Four Thousand Weeks is Burkeman’s attempt to help us all improve our relationship with time. He wants to see if “we can’t discover, or recover, some ways of thinking about time that do justice to our real situation: the outrageous brevity and shimmering possibilities of our four thousand weeks.”

To do that, we must abandon the impossible idea that we can – and must – do
everything, and accept that hard choices about what we do with our lives must be
made. That means standing firm in the face of FOMO, realising that missing out on some things is guaranteed, and that understanding that ‘missing out’ is actually a good thing because ‘missing out’ is what makes our choices meaningful in the first place.

So, having described the main problem, Burkeman breaks it down into smaller
challenges that must be dealt with. For some it is the ‘efficiency trap’, for others it is a propensity to procrastinate (guilty!) or being easily distracted (also guilty), and for others, still, it is an unwillingness to stop and rest. His chapter on ‘rediscovering rest’, and allowing ourselves to enjoy doing things badly, is one of the most powerful in the book.

And Burkeman has a real knack for selecting great examples to illustrate the points he’s making. For those of you who enjoy (if ‘enjoy’ is the right word…) cold water immersion, he has a great anecdote about Steve Young, an American Asian Studies PhD student, who, in 1969, decided he wanted to become a Buddhist monk.

His training involved a 100-day solo retreat which entailed, among other things, dousing himself three times a day with gallons of melted snow as part of a purification ritual. As he endured this ritual, Young came to realise that he could make it more bearable by giving his complete focus to the sensation of intense cold, as Burkeman explains: “After a few days, he began preparing for each drenching by first becoming as focused on his present experience as he possible could, so that when the water hit, he would avoid spiralling from mere discomfort into agony.” And it seemed to work.

This demonstrates an important point about what’s going on when we succumb to distraction, which is that “we’re motivated by the desire to try to flee something
painful about our experience of the present.” This is easy to see when we’re talking about some form of physical discomfort, but it applies also to the tedium of things that we have to do or that we thought we wanted to do.

More broadly, Burkeman argues, whenever we succumb to distraction, “we’re
attempting to flee a painful encounter with our finitude – with the human predicament of having limited time, and more especially, limited control over that time.” ‘Finitude’ is the subject of one of the more philosophical chapters in the book where we are introduced to the German philosopher Martin Heidegger. His idea of finitude is that the limited amount of time we have on this planet isn’t just something we have to manage; it’s the defining feature of human life. The fact that our existence is finite means that every choice we make is both an affirmation and a sacrifice – by committing to one person or opportunity, we reject countless others – but making those choices is the very essence being human. And accepting that truth, says Burkeman, is liberating.
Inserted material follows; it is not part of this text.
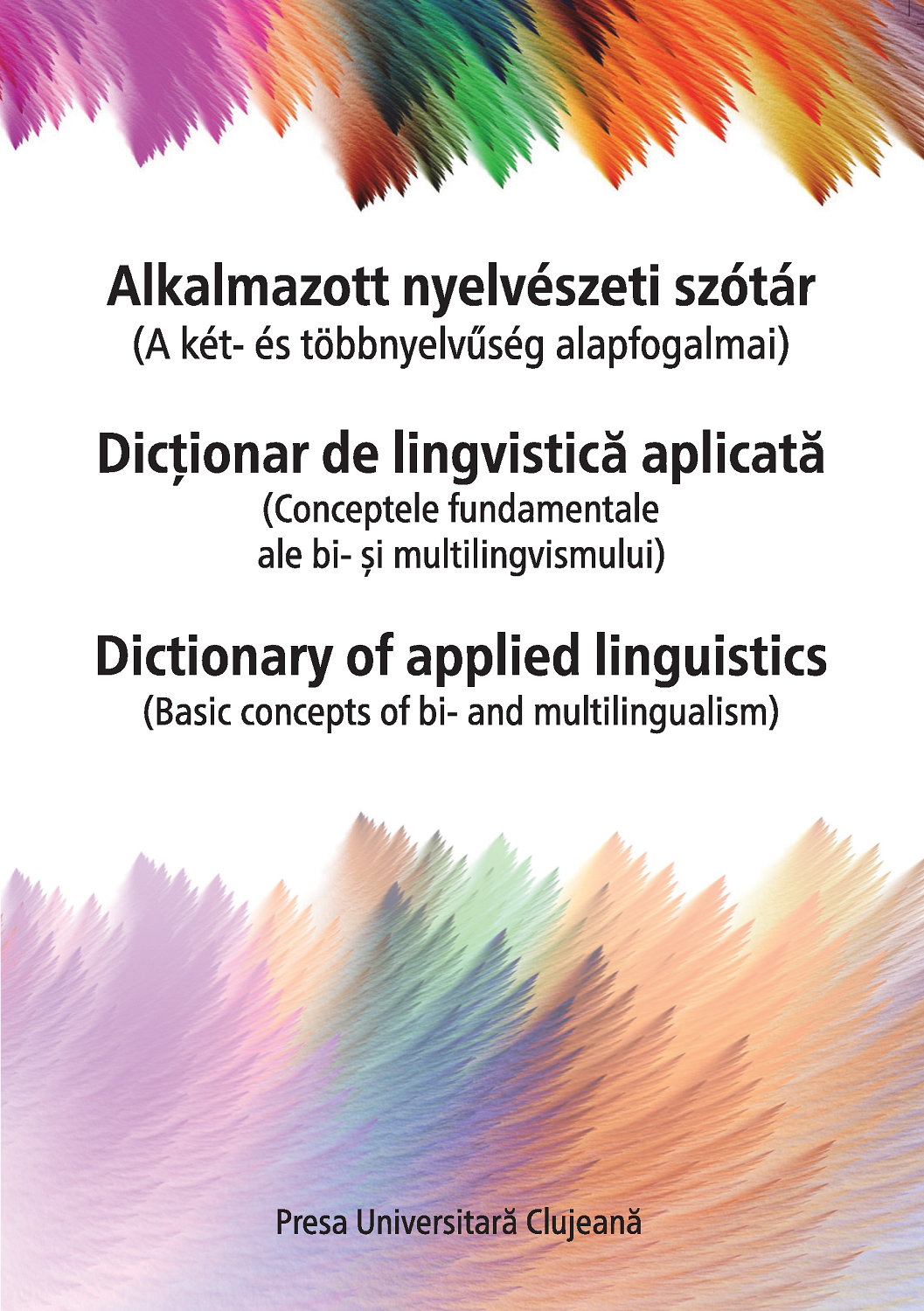 Alkalmazott nyelvészeti szótár (A két- és többnyelvűség alapfogalmai) Dicționar de lingvistică aplicată (Conceptele fundamentale ale bi- și multilingvismului) Dictionary of applied linguistics (Basic concepts of bi- and multilingualism)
Again, the point is not to make us feel rueful about the choices we have made.
Instead, it is to convey that living a truly authentic life – becoming fully human –
means facing up to that fact that our lives are defined by our finitude. For those of you who aren’t convinced that this is the way to go, Burkeman provides ten tools for you to try, which include: deciding in advance what to fail at (I like this one), focusing on one big project at a time (sensible), and developing the capacity to do nothing at all without needing to distract yourself or to evade how reality feels here and now.
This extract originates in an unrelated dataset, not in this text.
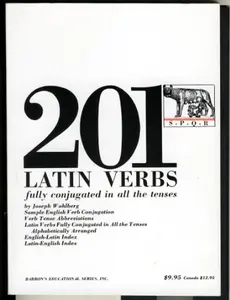 USED-Two Hundred and One Latin Verbs Fully Conjugated in All the Tenses by Joseph Wohlberg (Paperback)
Four Thousand Weeks is a really uplifting and hopeful book with a very simple
message: life is finite and it is short, but you don’t have to fit everything in. Embrace your finitude and your limits. Work out what gives your life meaning, and accept that to make time for what matters, you will need to give things up. You do not have to be the “optimized, infinitely capable, emotionally invincible, fully independent person you’re officially supposed to be”. Once you accept that, “you get to roll up your sleeves and start work on what’s gloriously possible instead.”